One tenth sounds about right,only because of the headlights.


----------



## Saving Tempest (Mar 21, 2016)

It's TAX TIME...happens at this time on eBay as well.


----------



## CrazyDave (Mar 21, 2016)

I just need the lights, anyone wanna gimme 2800 for the rest of it?! lololololol


----------



## Jeff54 (Mar 21, 2016)

CrazyDave said:


> I just need the lights, anyone wanna gimme 2800 for the rest of it?! lololololol





Certainly, go buy it now and I'll stuff a letter wit da cash right here:


----------



## CrazyDave (Mar 21, 2016)

Actually myself and another person have contacted this person for fun and curiosity.  It appears they are serious(ly deranged)


----------



## oldfart36 (Mar 21, 2016)

CrazyDave said:


> Actually myself and another person have contacted this person for fun and curiosity.  It appears they are serious(ly deranged)




Did you really??? Man, we got to hear this!!!


----------



## Jeff54 (Mar 21, 2016)

CrazyDave said:


> Actually myself and another person have contacted this person for fun and curiosity.  It appears they are seriously (deranged)

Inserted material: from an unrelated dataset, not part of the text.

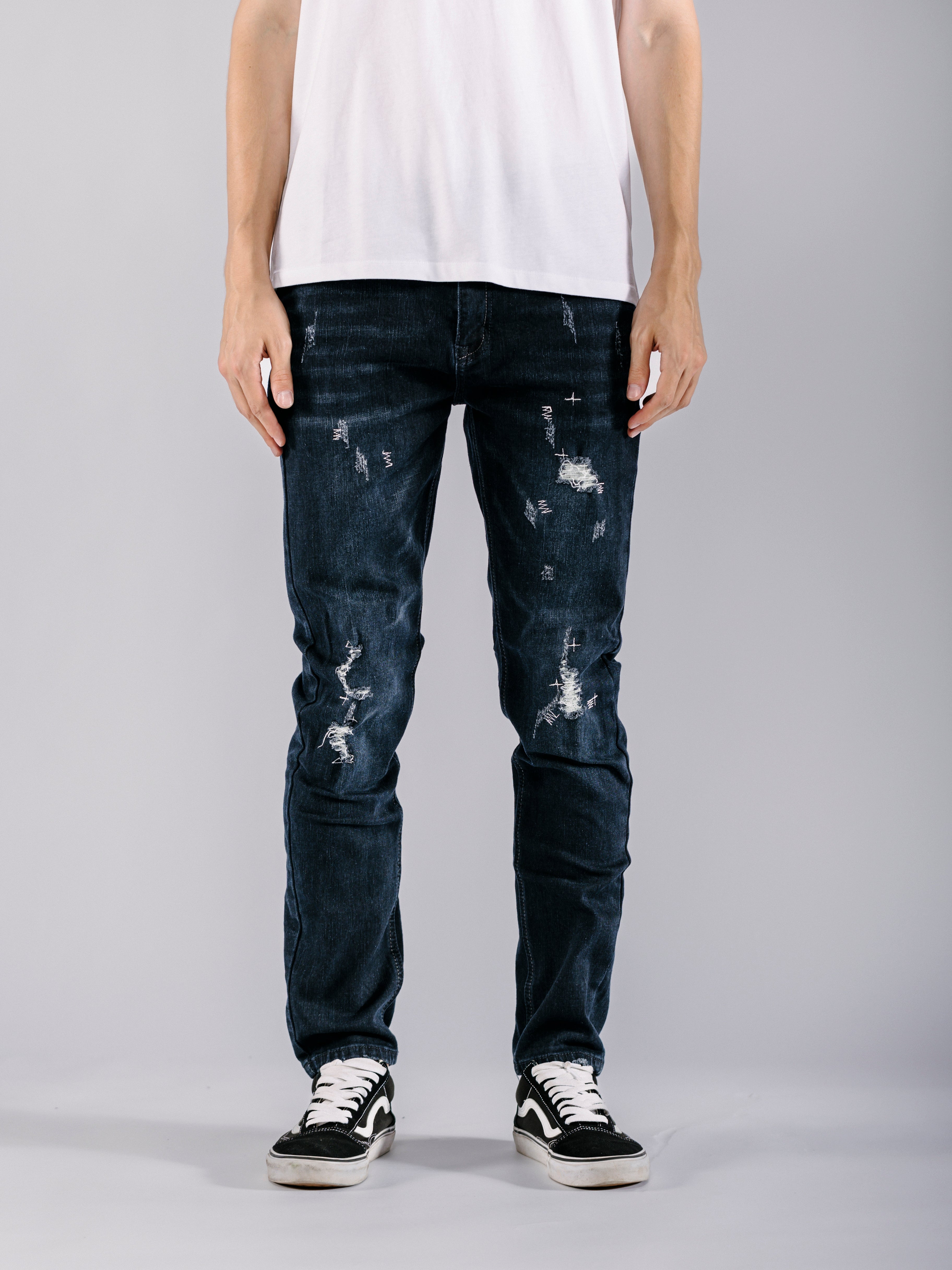 Ripped Tapered Jeans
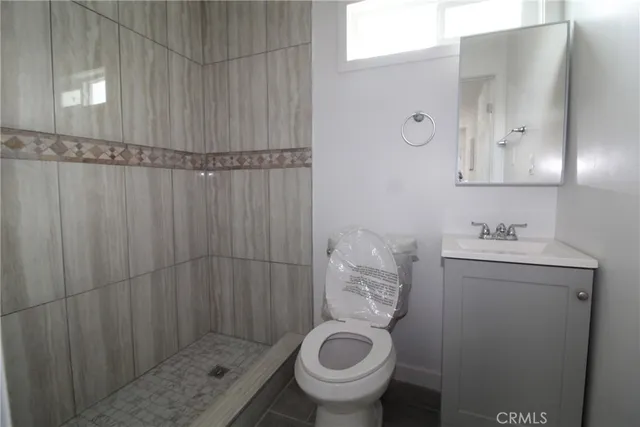 a bathroom with a sink and mirror with toilet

That's great I got more where that came from. Tell him we'll pay double! if he'll ship it too:



 ly


----------



## CrazyDave (Mar 21, 2016)

Well I sent a message saying I would like to come pick it up immediately and it would make a great display for my small business,  no response, I sent another more believable message, no response.....but another person got them to email back and they were quit firm on price so he told them the post was going around the internet as a laughing stock.....I was kinda hoping I could get it for the lights


----------



## oldfart36 (Mar 21, 2016)

LMAO


----------



## ZOOK (Mar 22, 2016)

They have changed the ad..the previous ad stated they had offers from collectors wanting to pay something stupid like $1500.,$1200 and like $900. Definitely on the poop!  It's almost as bad as the Hawthorne ad for a girls nothing bike that was $1000. now lowered to $650.
Think I will load up a few of my bikes and take them to put on consignment.


----------



## CrazyDave (Mar 22, 2016)

Hmmm, I get the same ad, are there two maniacs running around with debutantes? (well 3 including me?!) lolooolol
http://kansascity.craigslist.org/bik/5465822557.html


----------



## oldfart36 (Mar 23, 2016)

Sure am glad they made it "Serious Buyers Only"  Lmao


----------



## Nickinator (Mar 24, 2016)

This appears to be the exact same bike (I remember the reflector stuck on the tank) that was listed on CL about 2-3 years ago for an outrageous price, supposedly by the woman who bought it new. She was bat-sh#t-crazy. Is it still her, or did she sell it to someone just as nuts? Hmmm.....

Darcie


----------